2). Pertukaran gas alveolar
Setelah oksigen memasuki alveolus, proses pernapasan berikutnya adalah
difusi oksigen dari alveolus ke pembuluh darah pulmoner. Difusi adalah
pergerakan molekul dari area berkonsentrasi atau bertekanan tinggi ke
area berkonsentrasi atau bertekanan rendah. Proses ini berlangsung di
alveolus dan membran kapiler dan dipengaruhi oleh ketebalan membran
serta perbedaan tekanan gas.
3). Transport oksigen dan karbondioksida
Tahap ketiga pada proses pernafasan adalah transport gas-gas pernafasan
pada proses ini, oksigen diangkut dari paru menuju jaringan dan
karbondioksida diangkut dari jaringan kembali menuju paru.
 Transport O₂
Proses ini berlangsung pada sistem jantung dan paru-paru. Normalnya,
sebagian besar oksigen (97%) berikatan lemah dengan Hb dan
diangkut keseluruh jaringan dalam bentuk oksihemmoglobin (HbO₂),
dan sisanya terlarut dalam plasma. Proses ini dipengaruhi oleh
ventilasi (jumlah oksigen yang masuk dalam ke paru) dan perfusi
(aliran darah ke paru dan jaringan). Kapasitas darah yang membawa
oksigen dipengaruhi oleh jumlah O₂ dalam plasma, jumlah
hemoglobin dan ikatan oksigenasi dengan hemoglobin.
 Transport CO₂
Karbondioksida sebagai hasil metabolisme sel terus menerus produksi
dan diangkut menuju paru dalam 3 cara: a) Sebagian besar
karbondioksida (70%) diangkut dalam sel darah merah dalam bentuk
bikarbonat b) Sebanyak 23% karbondoksida berikatan dengan Hb
membentuk karbaminohemoglobin c) Sebanyak 7% diangkut dalam
bentuk larutan di dalam plasma dan dalam bentuki asam karbonat.

b.

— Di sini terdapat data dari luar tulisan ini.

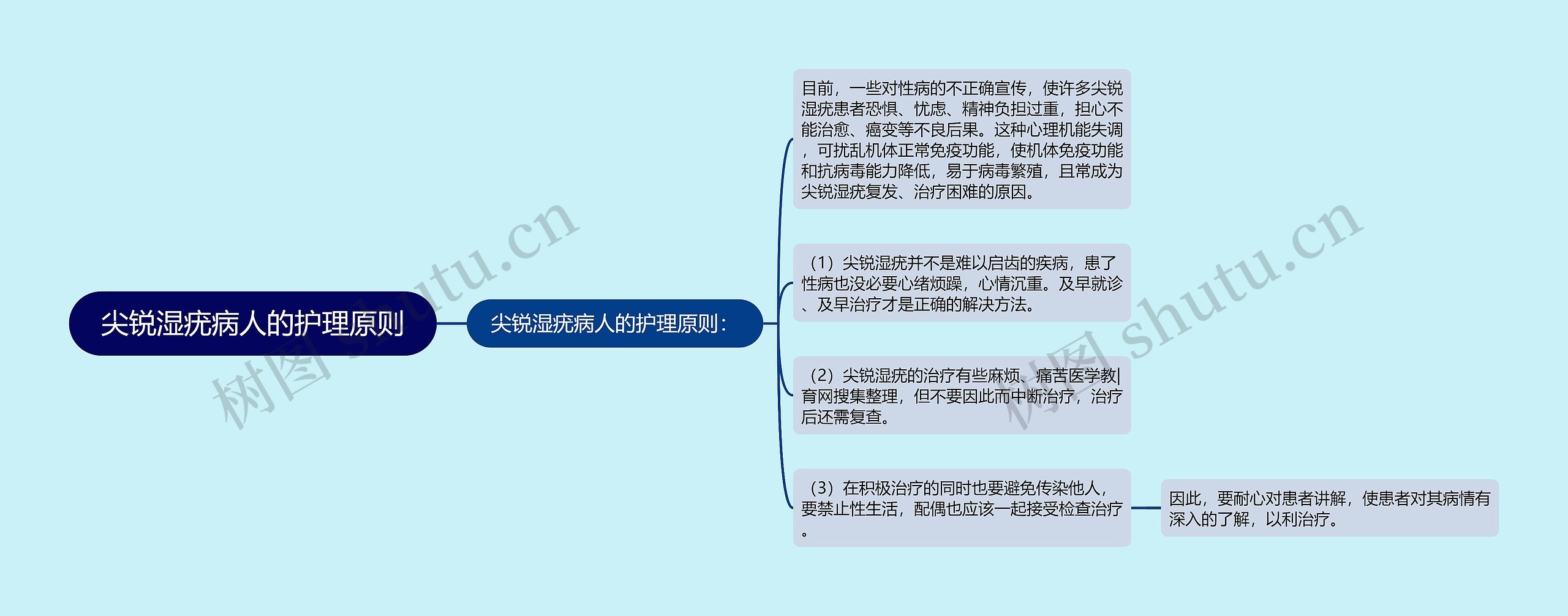 尖锐湿疣病人的护理原则思维导图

Pernafasan sistemik
Pernapasan internal mengacu pada proses metabolisme intrasel yang
berlangsung dalam mitokondria, yang menggunakan oksigen dan
menghasilkan karbondioksida selama proses penyerapan energi molekul
nutrien. Pada proses ini, darah yang banyak mengandung oksigen dibawa
keseluruh tubuh hingga mencapai kapiler sistemik.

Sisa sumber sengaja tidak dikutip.